Oltre a giocare a calcio, Mikson ha prestato servizio nella Sicherheitspolizei estone (polizia di sicurezza) dove è salito al grado di vice capo nel distretto di Tallinn-Harju durante l’occupazione tedesca del paese. Nel 1941, i nazisti furono visti per la prima volta come liberatori dall’URSS prima che si formasse l’opposizione tra la popolazione estone. Dopo l’annessione dell’Estonia da parte dell’Unione Sovietica un anno prima, Mikson, un convinto anticomunista, si nascose e guidò un gruppo di resistenza clandestino contro l’Armata Rossa fino a quando i nazisti occuparono il paese e alla fine divenne vice capo della polizia.

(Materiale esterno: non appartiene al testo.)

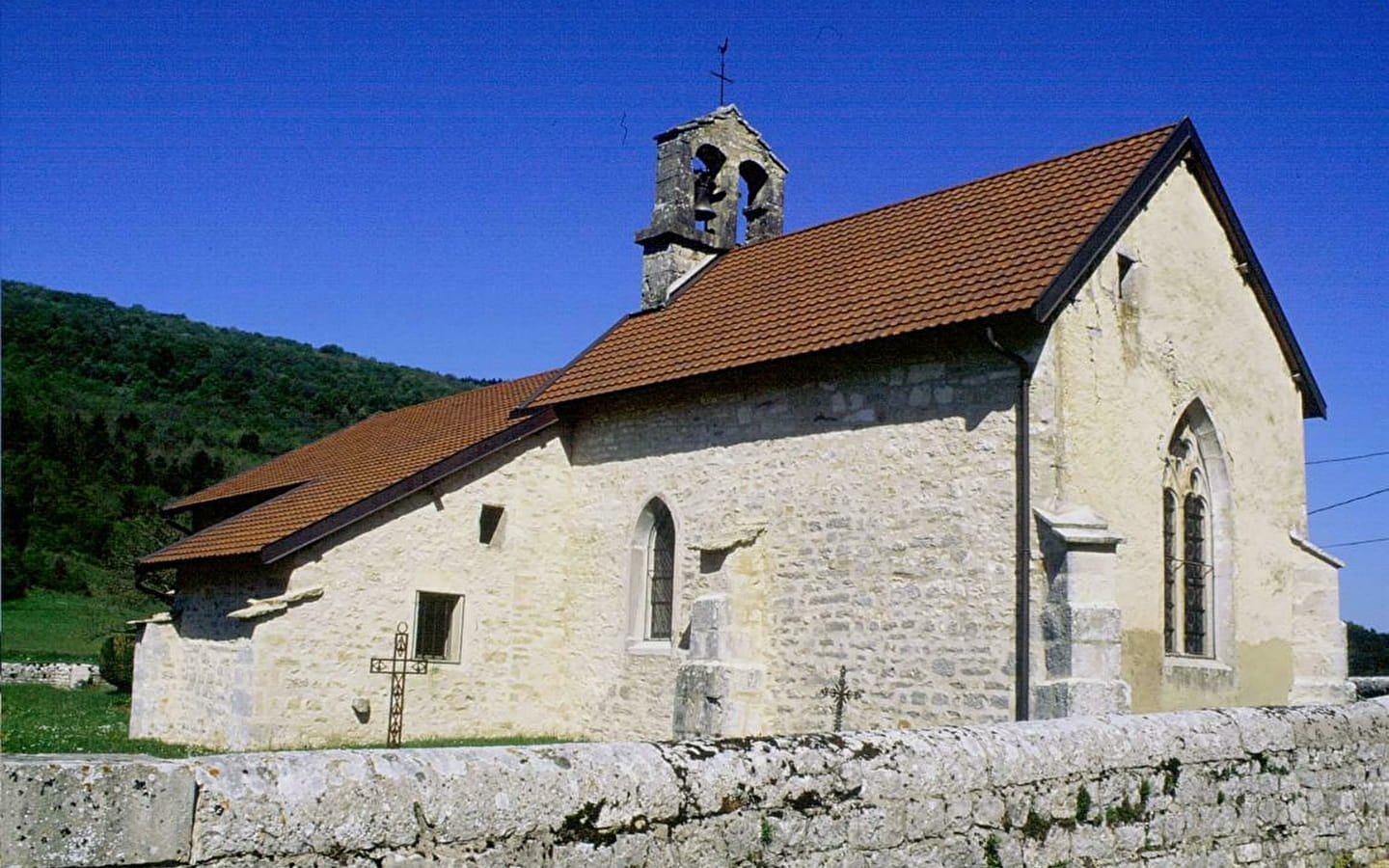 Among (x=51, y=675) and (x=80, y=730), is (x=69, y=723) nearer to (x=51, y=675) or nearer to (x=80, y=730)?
(x=80, y=730)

Essere un capo della polizia in un paese occupato dai nazisti era un lavoro a dir poco estremamente diplomatico, ma poteva anche essere molto gratificante e secondo alcuni resoconti storici questo si rivelò essere il caso di Mikson. Nel 1942, tuttavia, il 31enne fu arrestato e imprigionato. Mikson ha detto che questo era per non aver consegnato i rapporti completi ai suoi superiori, ma altri affermano che l’estone ha tenuto una piccola quantità di oro sequestrato ai gioiellieri ebrei.
Dopo due anni di incarcerazione il tiratore fu rilasciato, ma durante il suo periodo dietro le sbarre la guerra era cambiata e i tedeschi erano ora sulla difensiva. L’Armata Rossa stava reclamando la terra persa e gli Alleati erano sbarcati con successo in Francia.

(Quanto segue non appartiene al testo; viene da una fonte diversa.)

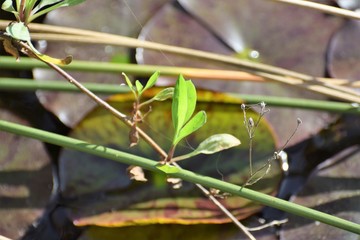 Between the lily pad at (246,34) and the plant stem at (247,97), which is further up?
the lily pad at (246,34)

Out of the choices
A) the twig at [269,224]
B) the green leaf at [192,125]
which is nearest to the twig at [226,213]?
the twig at [269,224]

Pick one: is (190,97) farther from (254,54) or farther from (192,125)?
(254,54)

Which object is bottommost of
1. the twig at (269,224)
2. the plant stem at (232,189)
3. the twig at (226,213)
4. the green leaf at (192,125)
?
the twig at (269,224)

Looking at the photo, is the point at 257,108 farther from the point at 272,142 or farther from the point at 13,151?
the point at 13,151

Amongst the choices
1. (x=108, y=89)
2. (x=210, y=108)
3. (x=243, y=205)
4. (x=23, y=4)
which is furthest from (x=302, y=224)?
(x=23, y=4)

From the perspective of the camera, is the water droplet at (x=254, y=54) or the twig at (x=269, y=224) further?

Con i russi che minacciavano di riconquistare l’Estonia, Mikson temeva di essere catturato e punito per il suo ruolo di resistenza, quindi fuggì nella Svezia neutrale dove fu internato come prigioniero indesiderabile.
Nel 1946 progettò di dirigersi verso il paradiso del Sud America, un’area popolare tra gli ex membri delle potenze sconfitte dell’Asse, ma la sua nave, diretta in Venezuela, finì bloccata in Islanda, dove Mikson cambiò il suo nome in Edvald Hinriksson.

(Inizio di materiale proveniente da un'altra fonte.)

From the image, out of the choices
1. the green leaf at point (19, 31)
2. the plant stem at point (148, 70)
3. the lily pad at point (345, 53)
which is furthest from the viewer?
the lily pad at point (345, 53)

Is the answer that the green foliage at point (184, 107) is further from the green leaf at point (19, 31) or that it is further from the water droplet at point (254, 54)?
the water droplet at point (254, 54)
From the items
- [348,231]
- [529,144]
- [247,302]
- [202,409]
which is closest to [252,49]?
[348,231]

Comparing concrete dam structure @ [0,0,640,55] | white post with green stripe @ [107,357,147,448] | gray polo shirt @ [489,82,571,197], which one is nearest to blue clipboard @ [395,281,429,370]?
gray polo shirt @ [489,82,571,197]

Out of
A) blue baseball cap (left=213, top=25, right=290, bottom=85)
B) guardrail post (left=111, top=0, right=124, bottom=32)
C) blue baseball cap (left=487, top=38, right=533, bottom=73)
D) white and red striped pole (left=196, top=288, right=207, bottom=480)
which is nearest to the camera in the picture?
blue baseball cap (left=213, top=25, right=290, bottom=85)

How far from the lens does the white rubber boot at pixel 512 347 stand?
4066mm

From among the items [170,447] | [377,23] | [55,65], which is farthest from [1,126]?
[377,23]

Fece domanda per un visto per gli Stati Uniti nel 1947, ma fu respinto dopo che l’FBI venne a conoscenza della sua vera identità. Mikson è stato accusato di crimini di guerra contro gli ebrei dal Simon Wiesenthal Center, che ha ritenuto la colpa del portiere di aver firmato mandati di arresto per un certo numero di ebrei che sono finiti per essere uccisi dai nazisti.
Mikson risiedeva nel porto di Reykjavik e affrontava la costante minaccia di essere riportato in Unione Sovietica per essere processato ogni volta che un peschereccio russo attraccava. Nonostante ciò, Mikson ha cresciuto una famiglia e i suoi figli hanno lasciato un segno nel calcio: la leggenda del Celtic Johannes Edvaldsson e la stella del Borussia Dortmund Atli Edvaldsson. Finalmente nel 1993, all’età di 82 anni, l’Islanda ha avviato un’indagine sui crimini di guerra per volere di una serie di poteri e organizzazioni nazionali, ma il processo si è rivelato troppo per il fragile Mikson che è morto per un attacco di cuore.
Fino ad oggi, molte persone, compresi i suoi figli, hanno protestato contro la sua innocenza. In effetti, Mikson ha affermato di essere stato vittima della persecuzione ebraica e di una vendetta russa, con gran parte delle prove che il Centro Simon Wiesenthal aveva contro Mikson provenienti dal KGB.
Tuttavia, la commissione storica estone per le indagini sui crimini contro l’umanità ha ritenuto Mikson colpevole di aver ordinato la morte di ebrei e noti comunisti. Al di là del suo pedigree sportivo, Mikson continuerà ad essere oggetto di accesi dibattiti, considerato vittima delle circostanze da alcuni e brutale criminale di guerra da altri.